How to use two GPUs efficiently

hi, I have two cpus and two gpus, every gpu’s pci-e slot related to each cpu, when I use cudaMemcpy copy the data from host memory to device, How to avoid the gpu using the memory releated to another cpu. In this situation, the performace is low.

thank you.

pin the host process to the CPU that is “closest” to the GPU you want to use.

on linux, two common utilities to do this are numactl and taskset

Both should have man pages on your system that you can read about. I find taskset a little easier to use for quick activities.

It will be important to understand the logical-core to physical-socket mapping.

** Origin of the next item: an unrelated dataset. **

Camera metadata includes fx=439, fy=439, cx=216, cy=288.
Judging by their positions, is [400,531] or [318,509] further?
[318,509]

But since you already know there is a perf difference, you can figure it out yourself experimentally.

[url]cudaMemcpyDeviceToHost - slow performance using pinned memory - CUDA Programming and Performance - NVIDIA Developer Forums

The general topic to google on is “process affinity”, it’s not unique or specific to CUDA:

[url]https://www.glennklockwood.com/hpc-howtos/process-affinity.html[/url]

thank you.
I’m working on windows10.
can I use the NUMA(Non Uniform Memory Access Architecture)API to set the memory location?
or I set the host process to the CPU that is “closest” to the GPU. and Other things left to the operating system.

May I have your suggestion?

Thank you.

I’m sure there are many ways to do it. A method analogous to taskset on linux would be start /affinity on windows.

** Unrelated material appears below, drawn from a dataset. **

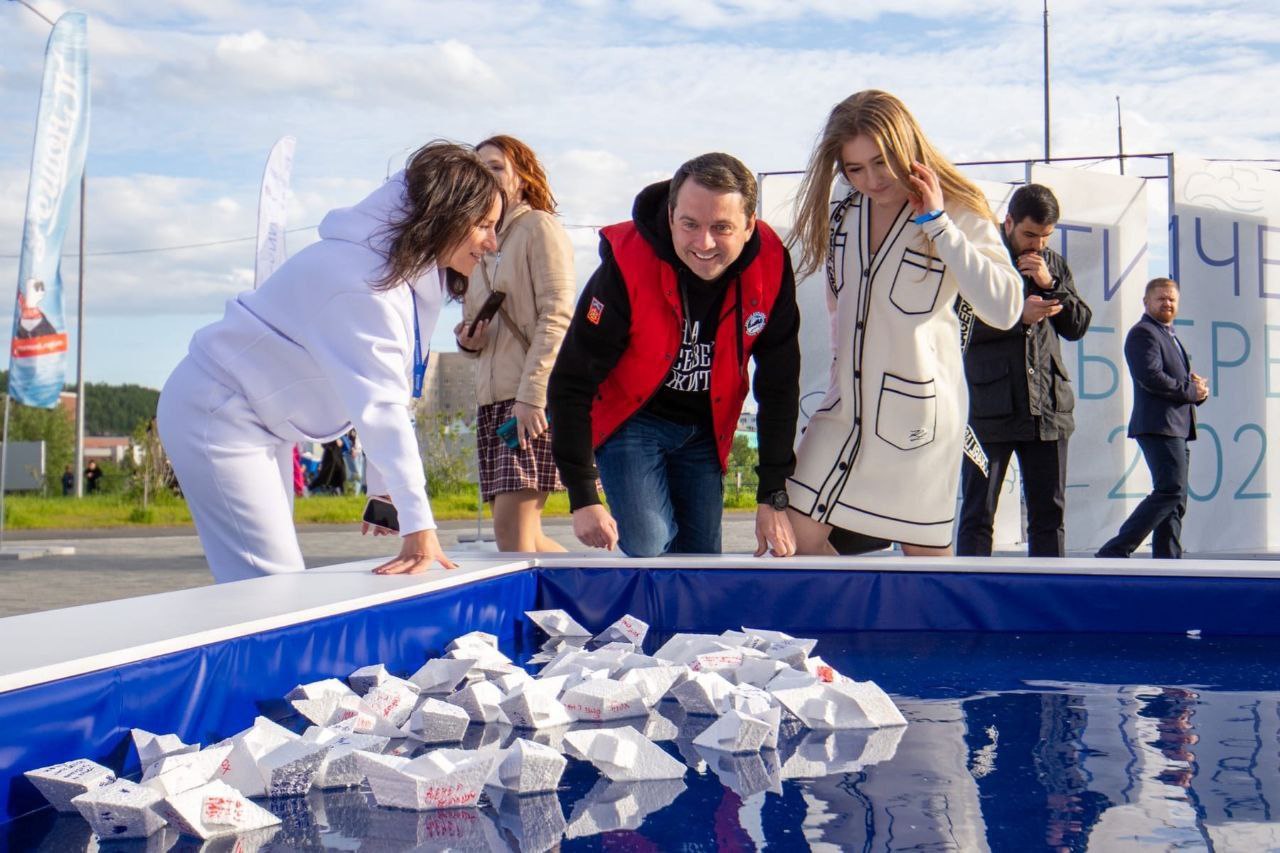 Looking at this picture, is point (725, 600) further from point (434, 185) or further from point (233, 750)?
point (233, 750)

[url]https://blogs.msdn.microsoft.com/santhoshonline/2011/11/24/how-to-launch-a-process-with-cpu-affinity-set/[/url]

I don’t do these sorts of things on windows very much.

Thank you.
Actually, I have only one process and there are two threads in it. one thread control one gpu. In this situation, I set the thread affinity as you described. but how to guarantee the memory is allocated closest to the cpu? it depends on the operating system? or can I do it by programming?